LABUAN BAJO TERKINI – Pemerintah Kabupaten Ende di Nusa Tenggara Timur meluncurkan inisiatif untuk meningkatkan Pendapatan Asli Daerah melalui penerapan sistem transaksi digital dengan voucher di sektor jasa retribusi. Bupati Ende, Yosef Benediktus Badeoda, mengungkapkan hal ini usai melantik Tim Percepatan Pembangunan Daerah (TP2D), Senin (14/07/2025), kemarin.
Yoseph menekankan bahwa digitalisasi sangat penting untuk mencegah kebocoran anggaran yang disebabkan oleh transaksi manual.
“Dengan penerapan sistem digital, pengawasan arus pendapatan ke kas daerah menjadi lebih mudah. Sistem ini juga akan melibatkan lembaga perbankan untuk memastikan transparansi dan akuntabilitas”, ujarnya, melanjutkan, “Saat ini kita fokus untuk peningkatan PAD, dan ini butuh pembenahan serius”.
Yoseph menyatakan bahwa sistem manual tidak lagi relevan, karena rentan terhadap kebocoran dan sulit untuk diawasi.
“Transaksi digital, yang dilakukan melalui perangkat elektronik seperti ponsel dan komputer, memungkinkan retribusi dalam konteks PAD dicatat langsung ke rekening pemerintah daerah”, urainya.

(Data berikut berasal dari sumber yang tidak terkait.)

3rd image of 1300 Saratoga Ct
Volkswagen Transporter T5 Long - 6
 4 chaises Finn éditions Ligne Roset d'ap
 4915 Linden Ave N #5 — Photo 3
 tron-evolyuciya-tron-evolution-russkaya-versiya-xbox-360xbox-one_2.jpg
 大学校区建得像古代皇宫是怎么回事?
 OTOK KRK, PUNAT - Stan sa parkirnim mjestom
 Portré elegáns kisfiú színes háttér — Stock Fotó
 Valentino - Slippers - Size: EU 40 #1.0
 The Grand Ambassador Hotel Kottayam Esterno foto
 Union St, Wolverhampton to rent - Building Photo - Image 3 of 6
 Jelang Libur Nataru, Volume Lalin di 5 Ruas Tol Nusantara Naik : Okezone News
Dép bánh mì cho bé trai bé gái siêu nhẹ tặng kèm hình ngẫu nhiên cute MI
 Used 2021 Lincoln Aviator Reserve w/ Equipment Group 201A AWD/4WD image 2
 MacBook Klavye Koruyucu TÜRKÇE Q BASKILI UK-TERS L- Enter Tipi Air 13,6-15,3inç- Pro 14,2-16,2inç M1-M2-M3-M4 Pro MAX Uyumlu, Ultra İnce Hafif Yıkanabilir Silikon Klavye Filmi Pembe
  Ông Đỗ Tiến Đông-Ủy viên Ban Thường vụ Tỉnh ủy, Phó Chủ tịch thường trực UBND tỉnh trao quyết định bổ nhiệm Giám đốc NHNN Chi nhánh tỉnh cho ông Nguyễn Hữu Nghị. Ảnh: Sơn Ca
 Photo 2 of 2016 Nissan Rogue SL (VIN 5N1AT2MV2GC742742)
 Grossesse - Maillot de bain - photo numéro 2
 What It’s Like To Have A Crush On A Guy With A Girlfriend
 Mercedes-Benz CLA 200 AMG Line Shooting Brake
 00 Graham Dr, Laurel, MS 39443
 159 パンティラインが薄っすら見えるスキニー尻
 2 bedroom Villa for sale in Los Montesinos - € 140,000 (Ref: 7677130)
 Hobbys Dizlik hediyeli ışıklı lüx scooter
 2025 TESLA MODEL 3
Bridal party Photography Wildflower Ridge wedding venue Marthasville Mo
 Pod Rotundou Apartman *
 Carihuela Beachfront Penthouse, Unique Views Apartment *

Yosef menekankan bahwa sistem voucher elektronik merupakan bagian dari reformasi tata kelola pendapatan, dan rencana ini akan dibahas lebih teknis dengan lembaga perbankan dan dinas terkait.
Pemerintah Kabupaten Ende mencatat rendahnya kontribusi sektor retribusi pasar dan parkir terhadap Pendapatan Asli Daerah (PAD), mendorong Badan Pendapatan Daerah untuk melakukan digitalisasi transaksi sebagai langkah inovatif.
Sementara itu, Kepala Bapenda Ende, Mauritius Max Jufri Seko, menyampaikan bahwa sistem voucher retribusi akan segera diterapkan untuk pedagang pasar dan pengelola parkir. Langkah ini bertujuan untuk menghindari praktik pembayaran tunai yang berisiko menimbulkan penyimpangan.
“Kami sedang melakukan evaluasi dan persiapan teknis agar sistem ini berjalan maksimal,” terang Jufri Seko.
Jufri menyatakan bahwa semua transaksi akan dilakukan secara non-tunai dan dicatat dalam sistem digital yang diawasi oleh Bapenda. Langkah ini adalah implementasi dari visi dan misi Bupati dan Wakil Bupati Ende.
Penerapan voucher diharapkan dapat meningkatkan akurasi data dan memaksimalkan penerimaan dari sektor retribusi.